▸ WORK TO COMPLETE
Each line below from the one containing "preview thumbnail 5" through the one containing "خرید و قیمت" is to be given again exactly, and no line outside that span.

▸ DATA SHOWN
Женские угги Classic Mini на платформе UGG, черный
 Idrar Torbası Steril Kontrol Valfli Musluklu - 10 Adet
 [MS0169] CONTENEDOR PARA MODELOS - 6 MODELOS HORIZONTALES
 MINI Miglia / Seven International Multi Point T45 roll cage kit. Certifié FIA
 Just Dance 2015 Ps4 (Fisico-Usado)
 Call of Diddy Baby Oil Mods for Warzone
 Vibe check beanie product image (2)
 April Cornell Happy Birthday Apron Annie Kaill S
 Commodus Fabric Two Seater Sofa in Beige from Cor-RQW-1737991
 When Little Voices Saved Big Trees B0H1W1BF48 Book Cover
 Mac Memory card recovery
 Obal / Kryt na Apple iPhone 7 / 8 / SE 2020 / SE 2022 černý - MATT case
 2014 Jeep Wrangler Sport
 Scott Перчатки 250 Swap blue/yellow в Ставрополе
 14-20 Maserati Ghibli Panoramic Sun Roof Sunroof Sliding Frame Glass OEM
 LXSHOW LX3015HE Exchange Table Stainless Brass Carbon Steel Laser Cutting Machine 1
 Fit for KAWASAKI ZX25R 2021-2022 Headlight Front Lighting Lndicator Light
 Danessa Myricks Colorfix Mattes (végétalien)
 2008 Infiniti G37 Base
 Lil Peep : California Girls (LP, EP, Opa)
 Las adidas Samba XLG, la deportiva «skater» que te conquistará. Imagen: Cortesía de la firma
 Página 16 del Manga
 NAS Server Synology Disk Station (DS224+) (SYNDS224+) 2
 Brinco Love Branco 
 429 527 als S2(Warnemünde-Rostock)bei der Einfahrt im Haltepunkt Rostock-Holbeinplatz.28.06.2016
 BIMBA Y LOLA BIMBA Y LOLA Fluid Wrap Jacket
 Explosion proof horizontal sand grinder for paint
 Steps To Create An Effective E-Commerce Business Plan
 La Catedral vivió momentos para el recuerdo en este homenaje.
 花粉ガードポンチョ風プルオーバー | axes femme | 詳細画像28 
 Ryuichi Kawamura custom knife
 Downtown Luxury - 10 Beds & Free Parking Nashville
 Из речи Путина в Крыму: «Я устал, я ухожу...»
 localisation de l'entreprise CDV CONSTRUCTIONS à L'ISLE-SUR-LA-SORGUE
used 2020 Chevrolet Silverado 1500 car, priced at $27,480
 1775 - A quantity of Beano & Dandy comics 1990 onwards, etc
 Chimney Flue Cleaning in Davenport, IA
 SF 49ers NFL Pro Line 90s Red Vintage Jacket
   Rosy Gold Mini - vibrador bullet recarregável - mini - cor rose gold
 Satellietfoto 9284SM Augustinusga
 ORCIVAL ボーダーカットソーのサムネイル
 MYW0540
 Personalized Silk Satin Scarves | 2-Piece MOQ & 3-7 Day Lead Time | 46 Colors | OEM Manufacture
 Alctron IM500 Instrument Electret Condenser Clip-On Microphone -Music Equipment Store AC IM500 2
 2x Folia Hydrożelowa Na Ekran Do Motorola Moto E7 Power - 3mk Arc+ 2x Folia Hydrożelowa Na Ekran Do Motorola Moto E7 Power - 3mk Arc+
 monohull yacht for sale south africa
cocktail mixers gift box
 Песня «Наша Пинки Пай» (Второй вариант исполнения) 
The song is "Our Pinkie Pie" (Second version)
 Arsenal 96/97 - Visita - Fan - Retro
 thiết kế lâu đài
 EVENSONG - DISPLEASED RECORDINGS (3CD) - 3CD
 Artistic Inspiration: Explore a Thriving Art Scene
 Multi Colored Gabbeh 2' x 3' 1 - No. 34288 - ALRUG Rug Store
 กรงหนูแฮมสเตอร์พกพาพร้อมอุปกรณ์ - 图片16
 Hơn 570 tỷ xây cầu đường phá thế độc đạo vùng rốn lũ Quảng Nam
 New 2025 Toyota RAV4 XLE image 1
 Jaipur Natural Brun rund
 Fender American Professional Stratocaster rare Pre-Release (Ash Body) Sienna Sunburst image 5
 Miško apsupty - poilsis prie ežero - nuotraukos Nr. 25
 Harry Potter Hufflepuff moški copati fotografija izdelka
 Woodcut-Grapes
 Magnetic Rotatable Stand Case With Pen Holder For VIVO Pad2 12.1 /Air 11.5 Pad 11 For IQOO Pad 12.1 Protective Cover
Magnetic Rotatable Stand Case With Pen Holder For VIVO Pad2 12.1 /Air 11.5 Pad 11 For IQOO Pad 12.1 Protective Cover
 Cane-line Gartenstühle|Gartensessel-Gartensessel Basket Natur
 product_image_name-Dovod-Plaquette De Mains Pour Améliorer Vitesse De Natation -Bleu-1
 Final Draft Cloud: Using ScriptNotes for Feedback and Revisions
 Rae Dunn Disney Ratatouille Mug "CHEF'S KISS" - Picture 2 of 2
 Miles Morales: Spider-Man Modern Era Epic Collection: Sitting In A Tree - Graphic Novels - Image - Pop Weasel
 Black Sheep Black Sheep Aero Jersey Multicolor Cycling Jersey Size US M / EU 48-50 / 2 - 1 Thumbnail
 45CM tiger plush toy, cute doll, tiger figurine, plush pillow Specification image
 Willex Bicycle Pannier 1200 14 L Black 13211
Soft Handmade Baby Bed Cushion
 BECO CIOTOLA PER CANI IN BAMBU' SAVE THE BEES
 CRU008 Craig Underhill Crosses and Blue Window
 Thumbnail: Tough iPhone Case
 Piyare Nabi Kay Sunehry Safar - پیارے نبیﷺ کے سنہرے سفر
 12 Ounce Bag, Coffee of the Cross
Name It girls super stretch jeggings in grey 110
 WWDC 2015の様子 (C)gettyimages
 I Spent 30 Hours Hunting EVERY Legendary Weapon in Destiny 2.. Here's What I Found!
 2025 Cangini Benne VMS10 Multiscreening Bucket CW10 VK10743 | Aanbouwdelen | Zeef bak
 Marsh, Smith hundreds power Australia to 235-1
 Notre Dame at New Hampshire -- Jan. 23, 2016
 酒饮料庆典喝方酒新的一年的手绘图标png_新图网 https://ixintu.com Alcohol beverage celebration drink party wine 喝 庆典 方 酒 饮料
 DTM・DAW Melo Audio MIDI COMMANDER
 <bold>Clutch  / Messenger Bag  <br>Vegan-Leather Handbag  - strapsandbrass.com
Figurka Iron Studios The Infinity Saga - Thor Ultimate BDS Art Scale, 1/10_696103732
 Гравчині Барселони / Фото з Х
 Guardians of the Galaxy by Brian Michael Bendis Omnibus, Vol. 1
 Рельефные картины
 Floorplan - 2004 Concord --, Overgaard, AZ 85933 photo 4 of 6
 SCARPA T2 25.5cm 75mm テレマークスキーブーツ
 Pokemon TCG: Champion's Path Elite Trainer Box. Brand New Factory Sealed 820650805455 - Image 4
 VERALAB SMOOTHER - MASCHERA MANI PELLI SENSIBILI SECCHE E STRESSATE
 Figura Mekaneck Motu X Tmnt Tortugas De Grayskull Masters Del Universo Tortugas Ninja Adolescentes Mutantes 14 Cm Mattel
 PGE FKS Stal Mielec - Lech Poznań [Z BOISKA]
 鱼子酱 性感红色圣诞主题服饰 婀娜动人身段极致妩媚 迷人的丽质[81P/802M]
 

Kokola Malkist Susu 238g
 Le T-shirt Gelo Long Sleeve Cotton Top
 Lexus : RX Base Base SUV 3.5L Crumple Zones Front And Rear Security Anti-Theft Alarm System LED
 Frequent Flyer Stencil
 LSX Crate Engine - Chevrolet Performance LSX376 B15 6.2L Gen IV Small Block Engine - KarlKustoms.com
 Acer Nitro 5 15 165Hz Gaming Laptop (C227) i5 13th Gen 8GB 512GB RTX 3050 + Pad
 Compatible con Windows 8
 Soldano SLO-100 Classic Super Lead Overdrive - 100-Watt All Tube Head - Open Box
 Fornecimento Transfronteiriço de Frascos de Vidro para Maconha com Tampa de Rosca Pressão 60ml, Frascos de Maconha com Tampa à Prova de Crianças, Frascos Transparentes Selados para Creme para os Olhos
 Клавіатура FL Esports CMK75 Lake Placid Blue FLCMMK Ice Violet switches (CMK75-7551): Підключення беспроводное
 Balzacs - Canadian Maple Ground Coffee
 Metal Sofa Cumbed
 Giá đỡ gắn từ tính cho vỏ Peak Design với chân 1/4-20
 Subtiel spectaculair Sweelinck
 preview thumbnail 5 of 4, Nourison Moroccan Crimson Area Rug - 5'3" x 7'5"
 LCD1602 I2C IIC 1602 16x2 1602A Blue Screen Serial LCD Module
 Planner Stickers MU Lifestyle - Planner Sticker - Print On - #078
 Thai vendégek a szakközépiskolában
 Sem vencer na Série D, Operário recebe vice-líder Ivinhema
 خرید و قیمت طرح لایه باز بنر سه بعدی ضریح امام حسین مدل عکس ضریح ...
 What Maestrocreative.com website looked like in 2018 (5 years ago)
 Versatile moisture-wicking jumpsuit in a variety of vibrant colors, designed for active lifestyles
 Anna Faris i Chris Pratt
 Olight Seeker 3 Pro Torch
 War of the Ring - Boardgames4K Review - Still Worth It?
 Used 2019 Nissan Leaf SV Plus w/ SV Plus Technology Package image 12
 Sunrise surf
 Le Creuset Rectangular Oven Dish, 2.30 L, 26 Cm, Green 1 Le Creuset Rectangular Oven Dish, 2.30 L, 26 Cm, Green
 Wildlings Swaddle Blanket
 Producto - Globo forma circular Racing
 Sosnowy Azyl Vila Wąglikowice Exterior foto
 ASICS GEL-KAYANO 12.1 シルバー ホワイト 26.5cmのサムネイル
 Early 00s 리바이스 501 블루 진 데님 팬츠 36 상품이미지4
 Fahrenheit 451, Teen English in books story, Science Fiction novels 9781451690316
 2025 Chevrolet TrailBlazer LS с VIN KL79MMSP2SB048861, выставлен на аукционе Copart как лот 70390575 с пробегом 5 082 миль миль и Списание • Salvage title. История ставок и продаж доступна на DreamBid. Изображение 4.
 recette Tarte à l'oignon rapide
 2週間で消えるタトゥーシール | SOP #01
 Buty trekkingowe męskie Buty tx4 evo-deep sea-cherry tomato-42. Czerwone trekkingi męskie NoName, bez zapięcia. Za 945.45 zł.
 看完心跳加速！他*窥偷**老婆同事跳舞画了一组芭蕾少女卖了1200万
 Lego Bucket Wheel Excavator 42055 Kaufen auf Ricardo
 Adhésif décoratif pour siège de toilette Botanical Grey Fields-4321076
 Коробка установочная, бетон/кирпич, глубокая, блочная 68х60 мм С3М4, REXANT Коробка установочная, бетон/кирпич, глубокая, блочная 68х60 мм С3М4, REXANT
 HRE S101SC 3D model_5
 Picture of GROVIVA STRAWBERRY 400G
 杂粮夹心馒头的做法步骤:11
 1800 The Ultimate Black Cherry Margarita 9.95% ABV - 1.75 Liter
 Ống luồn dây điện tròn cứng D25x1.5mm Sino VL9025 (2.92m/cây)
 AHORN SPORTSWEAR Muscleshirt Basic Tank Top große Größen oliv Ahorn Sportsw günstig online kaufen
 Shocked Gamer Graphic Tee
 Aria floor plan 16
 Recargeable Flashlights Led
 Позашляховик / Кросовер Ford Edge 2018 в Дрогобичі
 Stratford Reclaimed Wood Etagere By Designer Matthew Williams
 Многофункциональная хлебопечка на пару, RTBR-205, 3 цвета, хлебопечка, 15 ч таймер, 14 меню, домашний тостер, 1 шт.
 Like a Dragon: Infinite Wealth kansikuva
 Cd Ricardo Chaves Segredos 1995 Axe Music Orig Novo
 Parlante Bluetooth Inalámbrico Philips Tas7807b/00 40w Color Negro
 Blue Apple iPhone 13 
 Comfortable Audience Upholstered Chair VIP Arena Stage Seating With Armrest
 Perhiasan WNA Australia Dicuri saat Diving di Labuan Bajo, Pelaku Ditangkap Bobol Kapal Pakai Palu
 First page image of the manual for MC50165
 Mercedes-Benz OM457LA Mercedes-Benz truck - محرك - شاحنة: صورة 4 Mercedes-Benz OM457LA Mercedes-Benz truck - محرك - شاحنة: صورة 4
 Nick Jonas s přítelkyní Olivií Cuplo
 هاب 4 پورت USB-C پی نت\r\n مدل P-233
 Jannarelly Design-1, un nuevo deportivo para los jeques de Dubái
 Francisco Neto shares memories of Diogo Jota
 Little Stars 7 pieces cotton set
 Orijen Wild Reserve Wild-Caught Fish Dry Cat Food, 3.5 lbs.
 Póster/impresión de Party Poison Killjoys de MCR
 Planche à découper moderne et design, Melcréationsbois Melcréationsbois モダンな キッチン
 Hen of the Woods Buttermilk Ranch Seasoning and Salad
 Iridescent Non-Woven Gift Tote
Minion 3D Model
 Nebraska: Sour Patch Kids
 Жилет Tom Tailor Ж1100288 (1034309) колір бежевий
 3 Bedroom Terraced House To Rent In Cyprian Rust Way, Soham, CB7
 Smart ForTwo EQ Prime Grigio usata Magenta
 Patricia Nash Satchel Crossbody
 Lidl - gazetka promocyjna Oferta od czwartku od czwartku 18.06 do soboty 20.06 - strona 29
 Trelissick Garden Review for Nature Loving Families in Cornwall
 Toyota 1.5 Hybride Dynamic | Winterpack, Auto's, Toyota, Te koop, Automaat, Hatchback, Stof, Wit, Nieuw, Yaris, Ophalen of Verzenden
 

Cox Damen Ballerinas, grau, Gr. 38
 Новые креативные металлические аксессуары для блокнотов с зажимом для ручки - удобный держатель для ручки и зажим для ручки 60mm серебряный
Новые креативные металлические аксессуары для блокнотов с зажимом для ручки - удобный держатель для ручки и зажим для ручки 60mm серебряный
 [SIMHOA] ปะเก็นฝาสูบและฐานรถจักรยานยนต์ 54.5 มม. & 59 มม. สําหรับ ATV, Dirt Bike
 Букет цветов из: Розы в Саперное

▸ SOLUTION BELOW
 preview thumbnail 5 of 4, Nourison Moroccan Crimson Area Rug - 5'3" x 7'5"
 LCD1602 I2C IIC 1602 16x2 1602A Blue Screen Serial LCD Module
 Planner Stickers MU Lifestyle - Planner Sticker - Print On - #078
 Thai vendégek a szakközépiskolában
 Sem vencer na Série D, Operário recebe vice-líder Ivinhema
 خرید و قیمت طرح لایه باز بنر سه بعدی ضریح امام حسین مدل عکس ضریح ...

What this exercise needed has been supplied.